(MATERIAL PROVIDED begins)
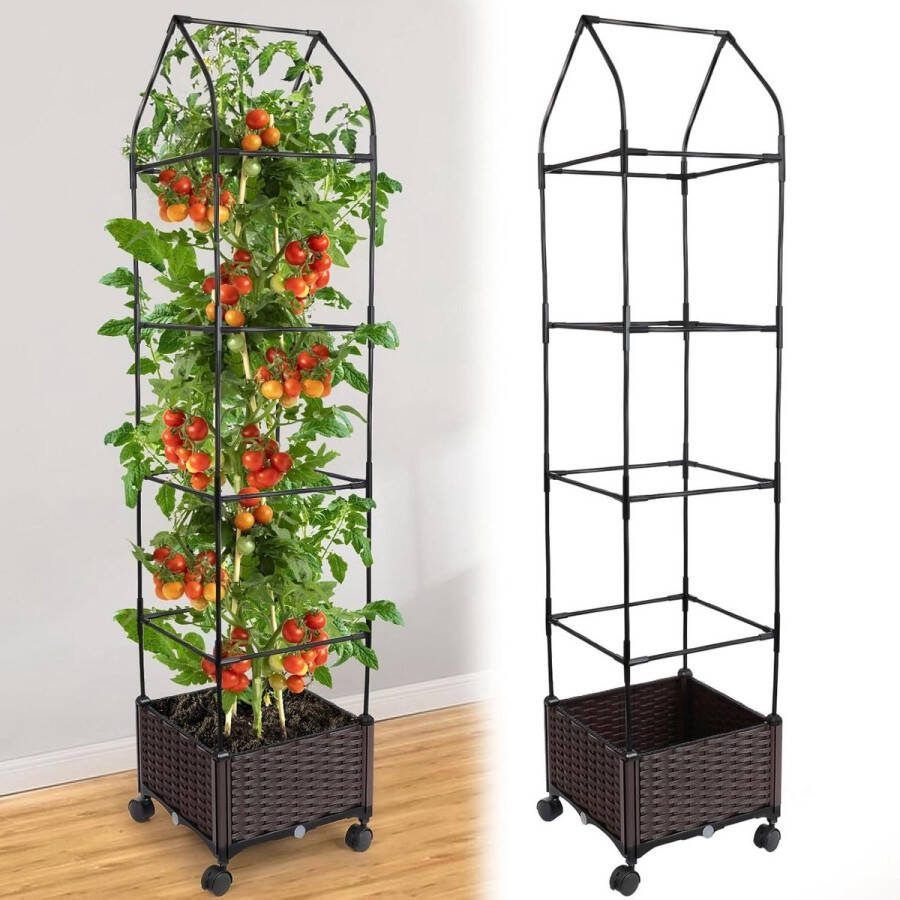 Verhoogd Tuinbed met Latwerk voor Klimplanten Plantenbak van 67 inch met Wielen Binnen en Buiten Gebruik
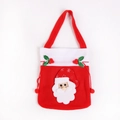 Rote Weihnachts-Geschenktüte mit 3D-Weihnachtsmann-Applikation und Pailletten-Stechpalme - Weihnachtsmann-Stil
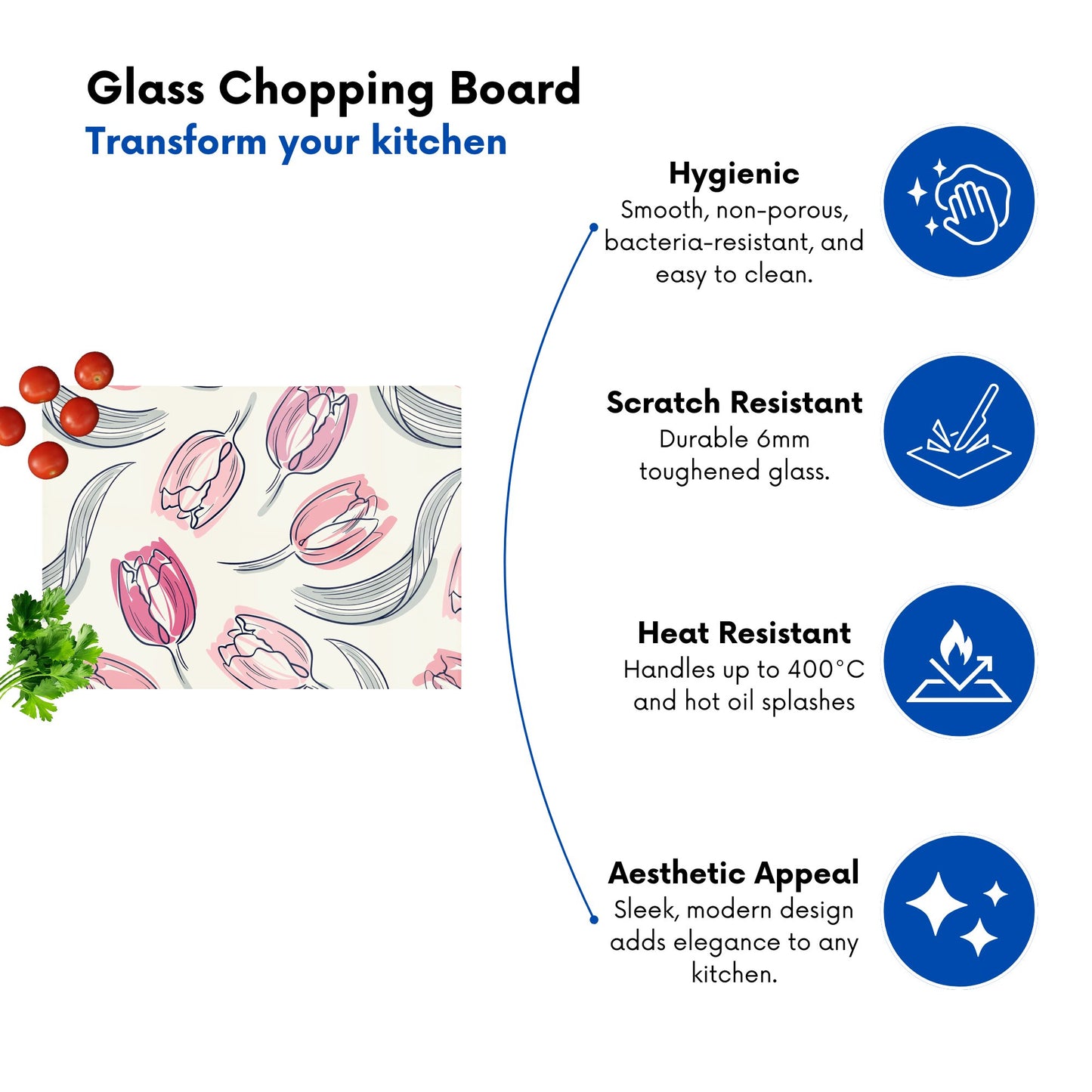 Tulips Glass Chopping Board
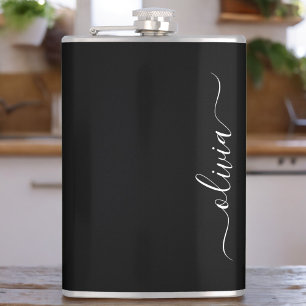 Black White Modern Minimalist Elegant Monogram Hip Flask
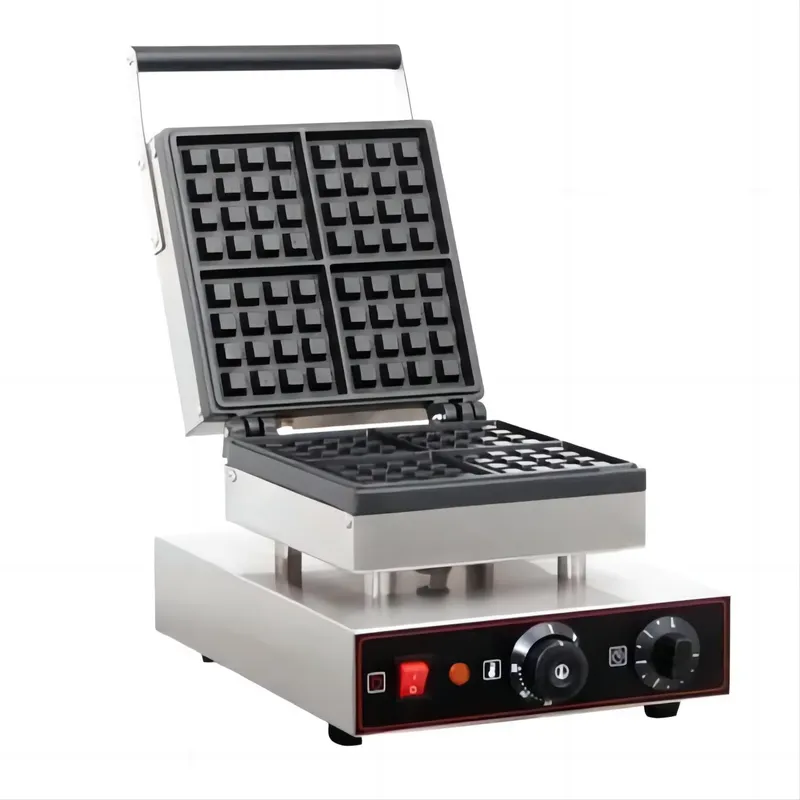 Waffle Iron Belgian - Mesin Pembuat Wafel Komersial Listrik, Pemanggang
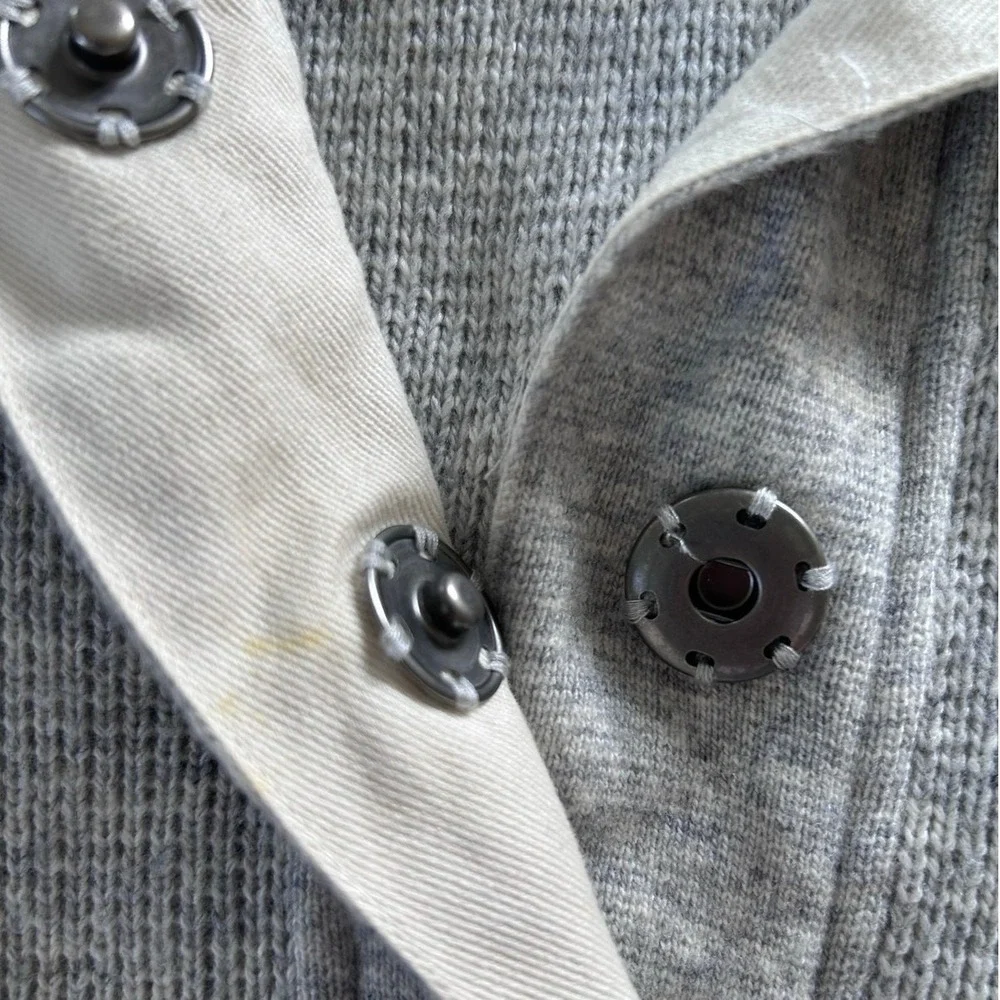 J.Crew Wool Blend Shawl Collar Sweater Men's Small Gray Button Neck Pullover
(MATERIAL PROVIDED ends)
ASSIGNED TASK:
Copy the data precisely. Skip every picture.

ANSWER TO THE EXERCISE:
 Verhoogd Tuinbed met Latwerk voor Klimplanten Plantenbak van 67 inch met Wielen Binnen en Buiten Gebruik
 Rote Weihnachts-Geschenktüte mit 3D-Weihnachtsmann-Applikation und Pailletten-Stechpalme - Weihnachtsmann-Stil
 Tulips Glass Chopping Board
 Black White Modern Minimalist Elegant Monogram Hip Flask
 Waffle Iron Belgian - Mesin Pembuat Wafel Komersial Listrik, Pemanggang
 J.Crew Wool Blend Shawl Collar Sweater Men's Small Gray Button Neck Pullover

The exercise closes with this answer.